- Work instruction
In your reply, reproduce every line of the data without any alteration.
══ Excerpted data ══
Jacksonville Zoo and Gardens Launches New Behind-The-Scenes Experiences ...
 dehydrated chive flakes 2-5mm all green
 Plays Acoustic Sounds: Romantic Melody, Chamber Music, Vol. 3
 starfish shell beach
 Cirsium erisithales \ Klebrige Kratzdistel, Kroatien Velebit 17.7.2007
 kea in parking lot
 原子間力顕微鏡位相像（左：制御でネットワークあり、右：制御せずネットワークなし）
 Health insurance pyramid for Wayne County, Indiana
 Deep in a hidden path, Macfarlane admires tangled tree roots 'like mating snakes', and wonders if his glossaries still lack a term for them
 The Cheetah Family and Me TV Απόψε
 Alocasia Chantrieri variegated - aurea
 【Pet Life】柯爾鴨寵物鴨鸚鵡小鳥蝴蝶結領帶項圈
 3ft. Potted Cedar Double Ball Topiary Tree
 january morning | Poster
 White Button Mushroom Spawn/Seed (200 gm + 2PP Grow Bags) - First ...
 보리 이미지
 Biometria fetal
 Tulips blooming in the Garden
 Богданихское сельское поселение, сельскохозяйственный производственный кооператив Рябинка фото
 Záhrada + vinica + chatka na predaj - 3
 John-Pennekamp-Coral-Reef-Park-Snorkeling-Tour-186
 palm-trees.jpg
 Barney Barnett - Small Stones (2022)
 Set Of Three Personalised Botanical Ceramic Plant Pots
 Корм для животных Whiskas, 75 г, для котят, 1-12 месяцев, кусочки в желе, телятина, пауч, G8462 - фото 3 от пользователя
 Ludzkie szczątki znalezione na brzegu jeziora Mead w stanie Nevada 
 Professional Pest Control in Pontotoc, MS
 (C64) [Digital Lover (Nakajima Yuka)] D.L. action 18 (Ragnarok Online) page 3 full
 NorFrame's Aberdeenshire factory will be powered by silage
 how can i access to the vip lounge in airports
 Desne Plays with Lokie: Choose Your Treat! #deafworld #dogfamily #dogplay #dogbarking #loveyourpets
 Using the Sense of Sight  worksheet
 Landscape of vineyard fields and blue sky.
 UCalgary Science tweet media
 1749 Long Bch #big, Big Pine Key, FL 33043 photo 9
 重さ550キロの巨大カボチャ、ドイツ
═══
- Answer area
Jacksonville Zoo and Gardens Launches New Behind-The-Scenes Experiences ...
 dehydrated chive flakes 2-5mm all green
 Plays Acoustic Sounds: Romantic Melody, Chamber Music, Vol. 3
 starfish shell beach
 Cirsium erisithales \ Klebrige Kratzdistel, Kroatien Velebit 17.7.2007
 kea in parking lot
 原子間力顕微鏡位相像（左：制御でネットワークあり、右：制御せずネットワークなし）
 Health insurance pyramid for Wayne County, Indiana
 Deep in a hidden path, Macfarlane admires tangled tree roots 'like mating snakes', and wonders if his glossaries still lack a term for them
 The Cheetah Family and Me TV Απόψε
 Alocasia Chantrieri variegated - aurea
 【Pet Life】柯爾鴨寵物鴨鸚鵡小鳥蝴蝶結領帶項圈
 3ft. Potted Cedar Double Ball Topiary Tree
 january morning | Poster
 White Button Mushroom Spawn/Seed (200 gm + 2PP Grow Bags) - First ...
 보리 이미지
 Biometria fetal
 Tulips blooming in the Garden
 Богданихское сельское поселение, сельскохозяйственный производственный кооператив Рябинка фото
 Záhrada + vinica + chatka na predaj - 3
 John-Pennekamp-Coral-Reef-Park-Snorkeling-Tour-186
 palm-trees.jpg
 Barney Barnett - Small Stones (2022)
 Set Of Three Personalised Botanical Ceramic Plant Pots
 Корм для животных Whiskas, 75 г, для котят, 1-12 месяцев, кусочки в желе, телятина, пауч, G8462 - фото 3 от пользователя
 Ludzkie szczątki znalezione na brzegu jeziora Mead w stanie Nevada 
 Professional Pest Control in Pontotoc, MS
 (C64) [Digital Lover (Nakajima Yuka)] D.L. action 18 (Ragnarok Online) page 3 full
 NorFrame's Aberdeenshire factory will be powered by silage
 how can i access to the vip lounge in airports
 Desne Plays with Lokie: Choose Your Treat! #deafworld #dogfamily #dogplay #dogbarking #loveyourpets
 Using the Sense of Sight  worksheet
 Landscape of vineyard fields and blue sky.
 UCalgary Science tweet media
 1749 Long Bch #big, Big Pine Key, FL 33043 photo 9
 重さ550キロの巨大カボチャ、ドイツ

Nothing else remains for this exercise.